Dans une lettre adressée au Mécanisme pour les Tribunaux pénaux internationaux des Nations Unies (MTPI), 8 personnes acquittées par le Tribunal pénal international pour le Rwanda (TPIR) interpellent sur les difficultés rencontrées depuis leur acquittement et demandent à être réunis avec leurs familles.
Les signataires, dont font partie notamment Jérôme Bicamumpaka, Gratien Kabiligi et Casimir Bizimungu, affirment que le TPIR a failli dans sa responsabilité d’aider les personnes acquittées à obtenir un logement adéquat, beaucoup d’entre eux résidant toujours dans les prisons du TPIR malgré leur acquittement sur des bases substantielles de fond il y a plusieurs années.
«Nous avons été arrêtés et accusés des crimes les plus graves. Le TPIR a affirmé que nos arrestations respectives ont été faites sur la base d’éléments de preuve prima facie. Mais la réalité est que nous avons été arrêtés sur la base des positions que nous avons occupées au sein du gouvernement rwandais en 1994 ou simplement sur la base de notre statut social. Après de longs procès qui ont étudié chacune des accusations portées par le Procureur, le TPIR a jugé que nous étions innocents», peut-on lire dans la lettre des acquittés, envoyée au MTPI le 21 avril 2016.

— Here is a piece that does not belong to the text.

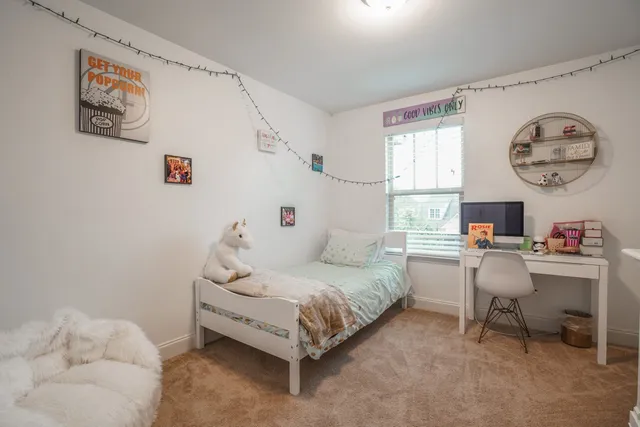 a bedroom with a bed a desk and chair next to a window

Les acquittés, dont la majorité sont d’un âge désormais avancé, accusent aussi le TPIR de ne pas faire assez d’efforts en vue de leur réadaptation et de leur réintégration dans la société. La plupart d’entre eux se sont vu refuser le droit d’entrée dans les pays occidentaux où leurs familles se sont réinstallées, principalement en Belgique, en France et au Canada. Ils demandent à l’ONU de prendre les mesures juridiques nécessaires pour assurer leur réunification avec leurs familles.
«(..) Le Tribunal de l’ONU a obtenu nos arrestations sur de mauvaises bases. Les Nations unies, ici représentées par le MTPI, ont l’obligation de faire tout le nécessaire pour nous réunir avec nos familles. Lorsque les pays hébergeant les familles des personnes acquittées réagissent négativement ou traînent des pieds, le Tribunal ou l’ONU devraient se lever, retourner les voir et négocier avec vigueur et de façon convaincante afin de les amener à comprendre que la personne qui demande la relocalisation a tous les mérites d’entrer dans ce pays, et que des instruments juridiques internationaux encouragent les pays à l’accueillir», ajoutent-ils.

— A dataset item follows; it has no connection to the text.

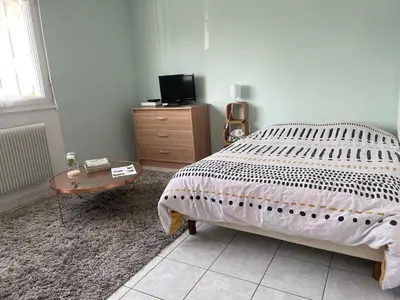 Un ou plusieurs lits dans un hébergement de l'établissement Petit appartement cosy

Les signataires refusent également de retourner au Rwanda par crainte des violations des droits de l’homme signalées dans le pays. En outre, leurs conjoints et les enfants ne peuvent pas retourner au Rwanda, ayant obtenu le statut de réfugié ou la nationalité dans les pays étrangers en raison de la menace d’éventuelles poursuites en cas de retour dans leur pays d’origine.
Malgré la proposition du gouvernement rwandais de les accueillir, les acquittés estiment que «le gouvernement de Kigali n’est pas sincère» et ils ne peuvent pas rentrer «tant que le Rwanda est et reste un Etat autoritaire et répressif». Par ailleurs, quatre d’entre eux, André Ntagerura, Gratien Kabiligi, Protais Zigiranyirazo et Prosper Mugiraneza ont demandé une protection internationale au HCR. A ce jour, ils n’ont reçu aucune réponse, ni du HCR, ni des pays d’accueil de leurs familles.
Ainsi, les signataires exhortent le MTPI à sensibiliser le HCR à leur accorder une protection internationale, qui «facilitera sans aucun doute leur acceptation par les pays qui accueillent leurs familles».
En conclusion, les acquittés relancent leur demande de recevoir les copies du plan stratégique de relocalisation de l’ONU concernant leur avenir, ce qui leur a été refusé jusque-là en dépit de nombreuses demandes antérieures, et ils rappellent que l’ONU «est censée être un modèle de transparence et de bonne gouvernance».